Golden Sun: Die dunkle Dämmerung

Da geht die Sonne auf! | Nintendo DS | 20.12.2010 - 14:17:45

Genre: Rollenspiele
Entwickler: Camelot Software Planning
Verlag: Nintendo
Anzahl Spieler: 1
Sprache:
Erschienen: 10.12.2010 (Nintendo DS)
                    
   


Golden Sun: Die dunkle Dämmerung
Da geht die Sonne auf
!

In unser Realität mögen 6 Jahre Unterschied zwischen Golden Sun: Die vergessene Epoche und Golden Sun: Die dunkle Dämmerung liegen, doch im Golden Sun-Universum sind es 30 lange Jahre. 30 Jahre in denen die immense Macht der Goldenen Sonne die gesamte Welt verändert hat: Neue Arten von Monstern tauchten auf, neue Kontinente entstanden und neue Länder haben sich gebildet. Und zu all dem kommen noch die mysteriösen Psy-Vortexe…

Was sich jedoch nicht verändert hat, ist das klassische Fantasy-Rollenspiel-Gameplay. Wie in den Vorgängern gilt es zusammen mit der Hilfe von Dschinns und eurer hauseigenen Magie, der Psyenergy, durch das Land Weyard zu streifen und sich den plötzlich auftauchenden, dunklen Mächten entgegenzustellen.

Die Sonne scheint wie eh und je
Isaac, der Protagonist aus dem ersten Teil, ist mittlerweile selbstverständlich auch nicht vom Alter verschont worden und mit seinen nun 47 Jahren nicht mehr der Jüngste. Deshalb schlüpft ihr in die Rolle seines Sohnes, ein Erd-Adept – so nennt man Psyenergy-Nutzer –, der durch einen Zufall mit seinen Freunden Kiara und Tyrell hinaus nach Weyard zieht um sich im Gebrauch von Psy-Energy zu üben und ganz nebenbei auch noch das Böse abzuwenden. Im Laufe der Zeit schließen sich euch weitere Adepten an, die sich auf jeweils andere Elemente spezialisiert haben und euch mit Rat und Tat zur Seite stehen.

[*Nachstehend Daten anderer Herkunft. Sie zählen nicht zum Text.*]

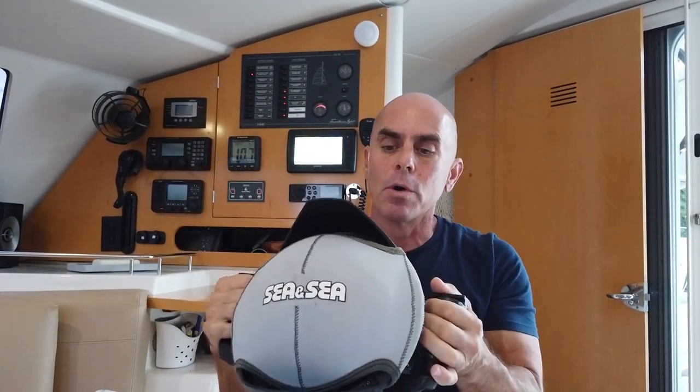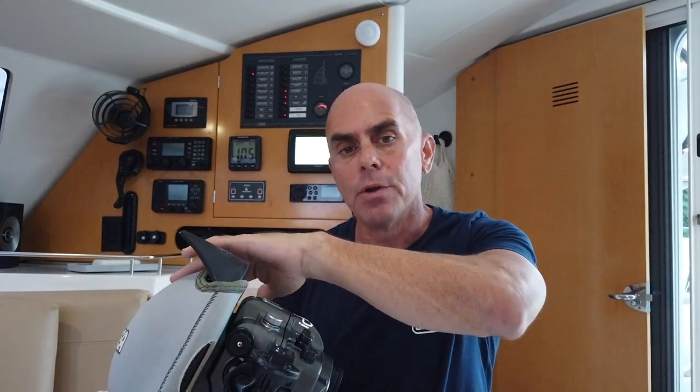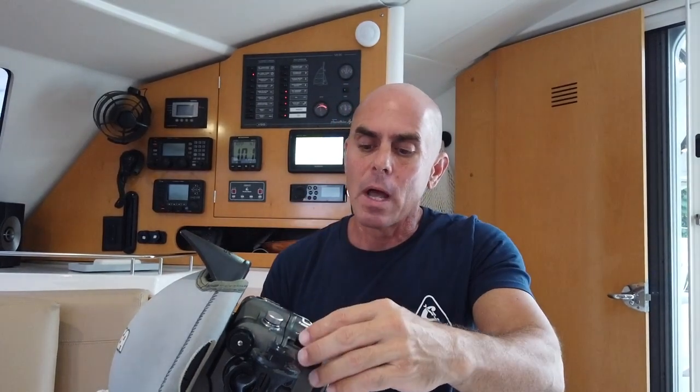I'm going to tell you what I do when it happens. First, I'd like to tell you a little bit about why it's important to rinse your underwater housing after a dive. Basically, as you're diving, your camera housing is being covered in and inundated with salt water. If it stays wet, it's okay.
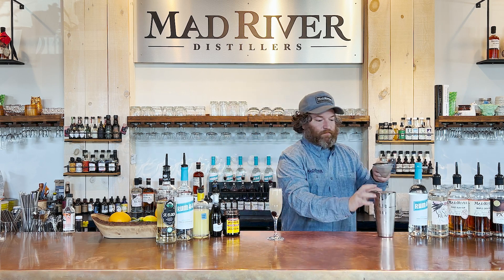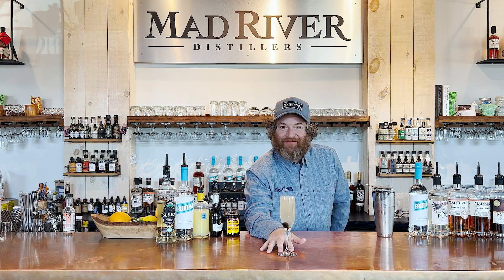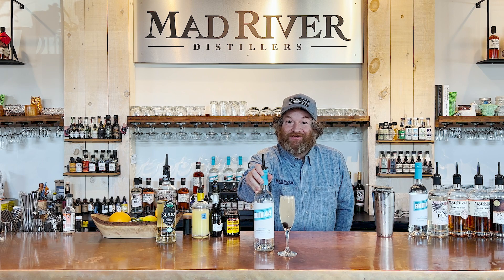Perfect. All right — a French 75 meets a Saint Germain cocktail with the organic white rum: the Elderflower 75. Enjoy!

Wie bereits erwähnt, wurde das Gameplay nahezu nicht angetastet. Während eurer Reise erwarten euch immer wieder Zufallskämpfe, die sicherstellen, dass man schön stetig im Level aufsteigt um nicht später bei einem Endboss eine gnadenlose Niederlage einzustecken. Zudem wird außerhalb der Kämpfe eure begrenzte Psy-Energy häufig für kleinere und größere Rätsel bzw. Aufgaben benutzt, wie z.B. das Verschieben von Steinen oder Verbrennen von bösartigen Pflanzen in einem verzauberten Wald. Doch aufgepasst, solltet ihr nicht vorsichtig mit eurer magischen Energie haushalten, kann es sein, dass der Vorrat gerade bei einem wichtigen Rätsel erschöpft ist und ihr erst einmal einen Psy-Stein aufsuchen müsst, der den Psy-Energy Bestand wieder auffüllt.

Neben vielen rundebasierten Kämpfen könnt ihr euch allerdings auch aufs Lesen gefasst machen. Allerdings nicht im Sinne von „Du erhältst 1 Trank“, sondern vielmehr minutenlange Dialoge zwischen eurem –frei benennbaren – Charakter und anderen NPCs. Aufgelockert werden diese Gespräche durch die seltene Möglichkeit eine von 4 verschiedenen Antworttypen zu geben (Freundlich, Begeistert, Traurig oder Wütend), die jedoch keinerlei Einfluss aufs weitere Spielgeschehen haben. Manchen mag ein detaillierter Handlungsverlauf gefallen, allerdings muss man zugeben, dass viele Sätze einfach unnütze Wortkonstellationen sind, die das Spiel nur unnötig in die Länge ziehen.

Für Einsteiger und Spieler die nicht mehr alle Begriffe aus dem Golden Sun –Universum parat haben, hat der Entwickler Camelot ein praktisches Feature integriert: eine umfangreiche Golden Sun- Enzyklopädie, mit seitenlangen Erläuterungen zu den verschiedensten Begriffen die in Folge eurer Nachforschungen auftreten. Klickt einfach mit dem Touchpen auf das hervorgehobene Wort und ihr erhaltet umgehend eine Definition der Vokabel.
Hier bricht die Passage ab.